Author:
Adam CL,Gadd TS,Findlay PA,Wathes DC
Abstract
Circulating concentrations of insulin-like growth factor-I (IGF-I) are reduced in juvenile sheep during nutritional growth restriction and the associated delay in puberty. Since exogenous IGF-I has been shown to stimulate luteinizing hormone (LH) secretion, it is postulated that endogenous IGF-I may act as a stimulatory metabolic signal to the pubertal ovine hypothalamo-pituitary axis, yet its site of action is unknown. Using coronal hypothalamic and pituitary sections from pubertal ewe lambs, in vitro autoradiography was used to localise 125I-labelled IGF-I binding, and gene expression for components of the IGF system was localised by in situ hybridisation using oligonucleotide probes. High concentrations of 125I-IGF-I binding were seen in the pars tuberalis (PT) and pars distalis (PD) of the pituitary, and relatively little in the hypothalamus; binding in the PT but not the PD was displaced by excess unlabelled IGF-I. Large amounts of mRNA were detected for the type-1 receptor (IGF-1R) and for IGF-binding protein (IGFBP)-5, localised to the PT and PD, and less intense specific hybridisation signals were obtained with mRNAs for IGF-II, type-2 receptor (IGF-2R) and IGFBP-3. There was some evidence for specific hybridisation to IGFBP-4 mRNA in the PT. IGF-I, IGFBP-1 and IGFBP-2 mRNAs were not detected in PT and PD. None of the genes were expressed in hypothalamic tissue.

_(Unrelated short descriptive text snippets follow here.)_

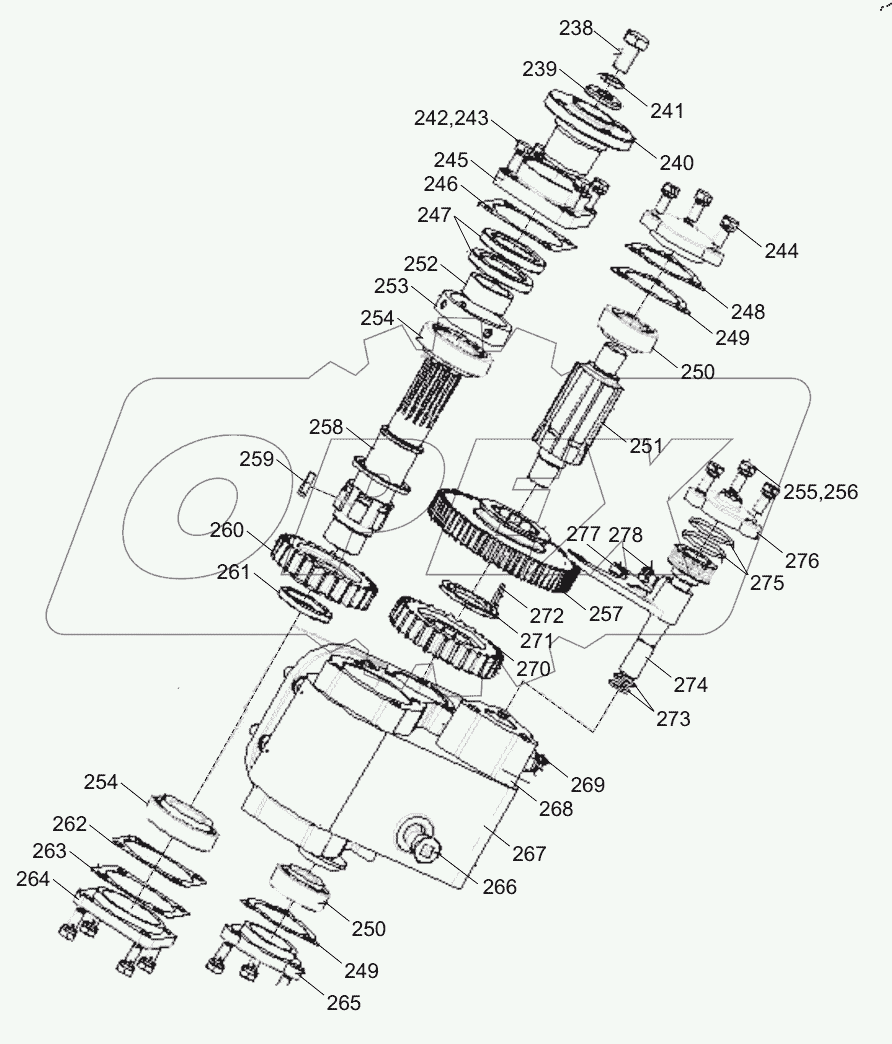  TRANSMISSION (QD70 PTO ASSY) D1030300100_101250Y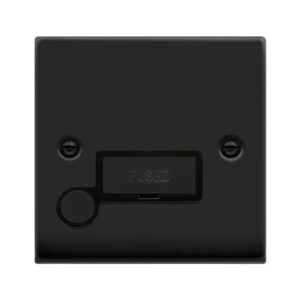 CLICK VPMB550BK DECO VP MATT BLACK 13A UNSWITCHED FUSED SPUR UNIT w/ FLEX OUTLET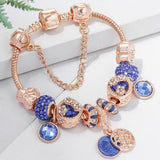 Armband in Roségold mit blauem Kristall – Ansicht 2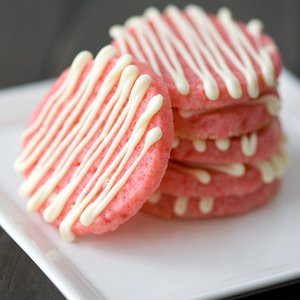 White Chocolate and Cherry Shortbread Cookies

Western-ligand binding on PD extracts from male castrates revealed by their molecular weights the likely presence of IGFBPs-2, -3, and -5. Finally, cultured PD cells from abattoir-killed sheep were challenged with IGF-I (0.1, 1, 10 or 30 nM) or luteinizing hormone-releasing hormone (LHRH, 10 nM) alone, or both together. Basal LH output was stimulated by 10 nM IGF-I (120+/-11.2%, P>0.05), 30 nM IGF-I (148+/-12.8%, P<0.01), and LHRH alone (200+/-16.1%, P<0.001); there was no additive or subtractive effect of LHRH and IGF-I given together. Thus, an intrapituitary IGF system exists in sheep and the present results are consistent with an endocrine role for IGF-I in nutritional modulation of LH secretion at the level of the pituitary gland.